During this trip I camped at two different location because I couldn’t get a single 10 day block at one campsite. I had never done that before. I spent the first 7 days at one location and then I packed up and moved to a different campground in the Adirondacks. Check out time at the first campground was 11:00 AM but check in time at the next campground wasn’t until 3:00 PM. So after relaxing some and then packing up the campsite I decided to amuse myself by hiking up a mountain. Seriously, who does that.
Baxter Mountain was listed in my guide book as an easy hike with a 2 mile round trip and 700 feet of elevation. That was exactly what I was looking for. Something that would not be very strenuous. Just a nice relaxing hike to pass the time and enjoy some nature before moving on to my next camp site. This mountain was reported to have some of the best views of the Adirondack high peaks relative to the amount of effort required to summit the mountain to enjoy them. I’d say that information was accurate. The views were great.
One funny thing happened on this hike. When you are unfamiliar with a trail you often may not know where the trail starts or where the trail ends for that matter and thus you may not know where the summit of the mountain actually is. AS I hiked the trail and began to get to where more of the vertical gain was I expected to reach the summit soon because I knew the hike was not particularly long. So when I reached an area with exposed rock and nice views and a family sitting there enjoying a picnic I assumed that I was at the summit so I found a nice quiet spot and sat down to enjoy the views and eat my lunch.

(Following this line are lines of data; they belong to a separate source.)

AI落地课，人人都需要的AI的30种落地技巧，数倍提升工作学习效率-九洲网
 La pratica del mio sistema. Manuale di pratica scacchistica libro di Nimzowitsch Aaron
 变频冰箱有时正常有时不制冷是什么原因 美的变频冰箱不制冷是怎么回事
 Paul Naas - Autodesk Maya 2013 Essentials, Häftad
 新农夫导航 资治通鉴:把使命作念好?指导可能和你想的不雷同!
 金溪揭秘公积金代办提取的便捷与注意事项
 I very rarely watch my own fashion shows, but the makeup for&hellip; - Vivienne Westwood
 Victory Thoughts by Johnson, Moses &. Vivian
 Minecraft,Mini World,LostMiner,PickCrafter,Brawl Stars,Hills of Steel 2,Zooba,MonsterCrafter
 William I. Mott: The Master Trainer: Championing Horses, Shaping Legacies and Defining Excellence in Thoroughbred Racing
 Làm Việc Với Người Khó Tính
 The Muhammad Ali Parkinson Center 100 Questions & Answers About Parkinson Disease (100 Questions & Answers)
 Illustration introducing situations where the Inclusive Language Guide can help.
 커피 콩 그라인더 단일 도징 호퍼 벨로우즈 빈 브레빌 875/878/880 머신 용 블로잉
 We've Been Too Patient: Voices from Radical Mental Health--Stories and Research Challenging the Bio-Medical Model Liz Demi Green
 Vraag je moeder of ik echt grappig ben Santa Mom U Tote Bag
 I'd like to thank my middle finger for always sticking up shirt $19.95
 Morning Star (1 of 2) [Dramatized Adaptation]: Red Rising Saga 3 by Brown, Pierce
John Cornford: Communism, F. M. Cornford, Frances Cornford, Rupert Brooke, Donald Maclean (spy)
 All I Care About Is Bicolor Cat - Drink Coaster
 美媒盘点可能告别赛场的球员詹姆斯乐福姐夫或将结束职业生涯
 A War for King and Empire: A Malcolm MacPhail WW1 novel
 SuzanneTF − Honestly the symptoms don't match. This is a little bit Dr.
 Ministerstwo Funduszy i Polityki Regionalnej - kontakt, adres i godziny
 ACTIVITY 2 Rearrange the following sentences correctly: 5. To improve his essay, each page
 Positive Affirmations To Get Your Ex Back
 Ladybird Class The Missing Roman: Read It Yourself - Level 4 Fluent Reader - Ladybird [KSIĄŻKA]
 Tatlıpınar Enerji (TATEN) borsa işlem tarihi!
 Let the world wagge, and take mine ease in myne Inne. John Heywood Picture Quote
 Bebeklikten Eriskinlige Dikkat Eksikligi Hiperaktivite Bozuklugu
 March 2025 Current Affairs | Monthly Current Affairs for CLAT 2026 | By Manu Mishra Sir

The views were quite nice there. However, it turns out that assumption I made turned out to make an ass out of me after all. As I headed back to a trail to retrace my steps and head back down the mountain I realized there was more trail going away from the way I had hiked up. Turns out I had not summitted the mountain, yet. I followed this trail farther up the mountain, not too far fortunately, and I reached what is actually the summit where the trail actually ends. And I made sure it ended there and did not continue farther. So I stopped here and enjoyed some more excellent views of the Adirondacks. That is one part that never gets old. The views are always stunning. I didn’t spend as much time as I would have otherwise at the true summit because I had already spent so much time where I first stopped and I had to head on out to my next campground. It was still a great time and an enjoyable hike and I learned something new. Do not assume you are at the summit just because you see someone stopped there.